Brazil Suspends House Speaker, Head of Impeachment Push, for Corruption

Brazil's Lower House speaker Eduardo Cunha is a key opponent of President Dilma Rousseff and architect of impeachment proceedings against her

Brazil’s Supreme Court has suspended the mandate of Eduardo Cunha, the president of the lower chamber of Congress, indefinitely. Cunha was the force behind organizing a push in the House of Representatives to impeach President Dilma Rousseff.

Cunha will remain suspended indefinitely from acting as the House President after a unanimous vote that took less than 24 hours, a rarity for the court. The court cited ongoing corruption investigations against Cunha as their reason for suspending him. In March, the court agreed to allow a case to go through against Cunha after prosecutors found evidence that he had taken up to $5 million in bribes, the findings part of an investigation known nationwide as “Operation Car Wash.”

Operation Car Wash investigators have found a web of dozens of high-ranking politicians involved in a kickback scheme which used Petrobras, the nation’s state-run oil corporation, to launder dirty money, solicit bribes, and grant development contracts to friends of the government.

Justice Celso de Mello accused Cunha in participating in a scheme to “entrap government organizations through a criminal organization,” that government organization being Petrobras.

President Rousseff, of the socialist Workers’ Party (PT), responded to the news by calling Cunha — a member of the rival leftist Brazilian Democratic Movement Party (PMDB) — a “person devoid of moral principles and ethics, accused of money laundering and [hiding money in] offshore accounts.” Rousseff called Cunha’s organizational efforts to get an impeachment vote through the House a “violent” act and a “coup.”
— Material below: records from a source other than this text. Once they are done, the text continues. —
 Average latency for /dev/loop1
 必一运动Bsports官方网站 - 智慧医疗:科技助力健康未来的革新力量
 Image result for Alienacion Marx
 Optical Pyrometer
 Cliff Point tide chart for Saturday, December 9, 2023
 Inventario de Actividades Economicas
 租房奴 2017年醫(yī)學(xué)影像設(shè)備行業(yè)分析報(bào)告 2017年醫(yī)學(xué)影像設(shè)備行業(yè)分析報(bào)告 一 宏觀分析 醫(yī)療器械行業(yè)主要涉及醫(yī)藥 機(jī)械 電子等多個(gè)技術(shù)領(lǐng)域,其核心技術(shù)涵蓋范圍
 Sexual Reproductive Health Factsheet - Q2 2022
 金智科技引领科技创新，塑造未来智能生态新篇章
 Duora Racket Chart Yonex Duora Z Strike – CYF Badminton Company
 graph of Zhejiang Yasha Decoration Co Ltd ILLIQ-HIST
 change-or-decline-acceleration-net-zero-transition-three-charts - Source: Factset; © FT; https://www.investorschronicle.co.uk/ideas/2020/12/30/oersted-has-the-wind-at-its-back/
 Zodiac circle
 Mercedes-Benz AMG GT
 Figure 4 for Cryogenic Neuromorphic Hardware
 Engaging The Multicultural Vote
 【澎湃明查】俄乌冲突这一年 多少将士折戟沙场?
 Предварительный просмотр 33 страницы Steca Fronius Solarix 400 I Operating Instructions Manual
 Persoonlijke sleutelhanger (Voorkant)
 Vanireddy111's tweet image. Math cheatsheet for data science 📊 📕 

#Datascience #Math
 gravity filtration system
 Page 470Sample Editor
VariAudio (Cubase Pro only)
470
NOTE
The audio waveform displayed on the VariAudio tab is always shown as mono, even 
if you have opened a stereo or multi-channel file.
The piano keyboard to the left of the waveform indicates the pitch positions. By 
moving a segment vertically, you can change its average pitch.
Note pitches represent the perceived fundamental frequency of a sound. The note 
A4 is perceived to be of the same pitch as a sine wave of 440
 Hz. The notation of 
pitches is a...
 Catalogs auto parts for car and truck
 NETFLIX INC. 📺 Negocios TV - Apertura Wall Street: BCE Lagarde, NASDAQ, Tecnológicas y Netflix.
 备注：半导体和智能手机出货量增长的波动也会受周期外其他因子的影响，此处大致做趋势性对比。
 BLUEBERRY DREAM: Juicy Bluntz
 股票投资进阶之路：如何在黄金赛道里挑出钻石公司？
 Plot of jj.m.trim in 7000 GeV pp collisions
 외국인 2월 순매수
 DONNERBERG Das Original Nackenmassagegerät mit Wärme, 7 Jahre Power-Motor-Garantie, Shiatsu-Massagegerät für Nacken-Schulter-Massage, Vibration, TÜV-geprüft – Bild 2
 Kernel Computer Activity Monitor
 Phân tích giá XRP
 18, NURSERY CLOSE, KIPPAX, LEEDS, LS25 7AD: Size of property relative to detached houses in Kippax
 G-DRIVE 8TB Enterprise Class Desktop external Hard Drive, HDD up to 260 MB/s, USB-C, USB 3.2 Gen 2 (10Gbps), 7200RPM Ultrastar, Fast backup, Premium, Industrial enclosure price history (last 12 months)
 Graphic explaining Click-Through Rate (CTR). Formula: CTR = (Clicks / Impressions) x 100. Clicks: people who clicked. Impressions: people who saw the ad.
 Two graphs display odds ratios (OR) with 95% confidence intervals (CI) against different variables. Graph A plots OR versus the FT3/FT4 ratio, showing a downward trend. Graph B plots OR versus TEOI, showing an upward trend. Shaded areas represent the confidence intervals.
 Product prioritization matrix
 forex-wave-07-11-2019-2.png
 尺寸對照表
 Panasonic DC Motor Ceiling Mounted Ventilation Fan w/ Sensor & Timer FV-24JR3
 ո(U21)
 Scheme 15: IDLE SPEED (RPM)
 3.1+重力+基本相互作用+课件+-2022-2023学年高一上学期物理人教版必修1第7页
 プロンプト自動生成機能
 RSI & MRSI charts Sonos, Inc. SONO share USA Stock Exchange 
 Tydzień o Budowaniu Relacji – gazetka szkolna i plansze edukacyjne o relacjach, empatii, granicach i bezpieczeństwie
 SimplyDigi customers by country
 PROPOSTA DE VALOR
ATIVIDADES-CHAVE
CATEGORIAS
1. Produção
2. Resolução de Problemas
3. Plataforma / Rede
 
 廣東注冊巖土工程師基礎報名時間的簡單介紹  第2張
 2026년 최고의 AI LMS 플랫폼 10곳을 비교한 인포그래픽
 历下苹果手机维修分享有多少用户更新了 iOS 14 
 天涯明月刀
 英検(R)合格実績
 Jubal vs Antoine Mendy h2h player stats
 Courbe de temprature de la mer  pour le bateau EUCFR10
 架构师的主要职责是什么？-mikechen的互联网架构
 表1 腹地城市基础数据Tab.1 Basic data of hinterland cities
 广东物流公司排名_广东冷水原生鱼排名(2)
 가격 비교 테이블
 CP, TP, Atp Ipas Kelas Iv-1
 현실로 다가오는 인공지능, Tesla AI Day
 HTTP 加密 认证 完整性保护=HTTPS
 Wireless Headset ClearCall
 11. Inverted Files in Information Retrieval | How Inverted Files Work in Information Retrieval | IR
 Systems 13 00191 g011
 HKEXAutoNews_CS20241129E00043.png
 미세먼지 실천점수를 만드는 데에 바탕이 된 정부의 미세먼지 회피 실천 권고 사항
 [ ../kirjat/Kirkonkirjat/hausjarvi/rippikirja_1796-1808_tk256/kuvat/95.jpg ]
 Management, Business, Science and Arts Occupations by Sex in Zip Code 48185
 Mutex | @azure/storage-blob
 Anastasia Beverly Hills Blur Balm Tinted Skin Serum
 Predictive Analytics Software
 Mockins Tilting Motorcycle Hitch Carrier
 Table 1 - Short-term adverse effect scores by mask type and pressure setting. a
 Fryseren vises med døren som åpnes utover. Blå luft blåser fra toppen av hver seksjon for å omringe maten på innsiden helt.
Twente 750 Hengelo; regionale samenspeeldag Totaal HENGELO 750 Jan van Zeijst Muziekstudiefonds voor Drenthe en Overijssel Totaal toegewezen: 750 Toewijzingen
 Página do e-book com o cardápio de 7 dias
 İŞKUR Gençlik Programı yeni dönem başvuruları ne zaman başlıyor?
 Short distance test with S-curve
Cunha has called the decision a “political” one and his newfound situation “strange and challenging.” He has vowed to appeal the case. “I will not give up, there is no chance, I will not renounce anything, neither the mandate nor the presidency, and I will appeal and I hope to succeed in my appeal,” he told reporters.

Privately, however, sources close to Cunha tell Brazilian newspaper O Globo that he is “upset” and “broken,” mulling a decision on whether to stay in Brazilian or spend some time with his family in Rio de Janeiro. “Eduardo is very worried, upset,” one anonymous source told the newspaper. “I do not know what I will do now. I do not know if I stay here or go to Rio. I can not get to and fro. I need to take care of my family,” the source quotes him as saying.

While the move to impeach Rouseff is significantly popular in Brazil, public opinion appears to have soured against all leftist politicians, not just the head of state. A poll released in April found that residents of Sao Paulo overwhelmingly supported impeaching Vice President Michel Temer, also of the PMDB, and 94 percent of respondents said they would like to see Cunha removed.

Some on the right are expressing concern, however, with the manner in which Cunha has been removed. Rodrigo Constantino, a right-wing blogger labeled “the Andrew Breitbart of Brazil” by Foreign Policy magazinehas compiled a list of political observers challenging the constitutionality of the judiciary stepping in and dispossessing a legislator of his power. He himself writes that “the manner in which it was done shows a disregard for the constitution.” While many are pleased to see a corrupt politician out of power, he writes, “few – very few – take into account the dangerous precedent that such a decision, without the constitutional backing legal scholars would want, represents.”

The Supreme Court is the only court in the nation with the power to try individuals granted immunity through holding public office. It appears poised to exercise its power soon not only over Cunha, but over Rousseff herself and her predecessor, Luiz Inácio Lula da Silva.

The court has accepted to entertain a formal request from the nation’s Prosecutor General to open a corruption investigation against Lula, currently immune through a position as Rousseff’s chief of staff, and Rousseff herself, as well as Attorney General José Eduardo Cardozo. The prosecutor general alleges there is evidence that Rousseff appointed Lula her chief of staff to keep federal courts from investigating his ties into the Operation Car Wash scheme.

Meanwhile, the march toward impeachment continues. A bill to impeach Rousseff is currently in debate at the Brazilian Senate; a vote on the bill is expected on Friday.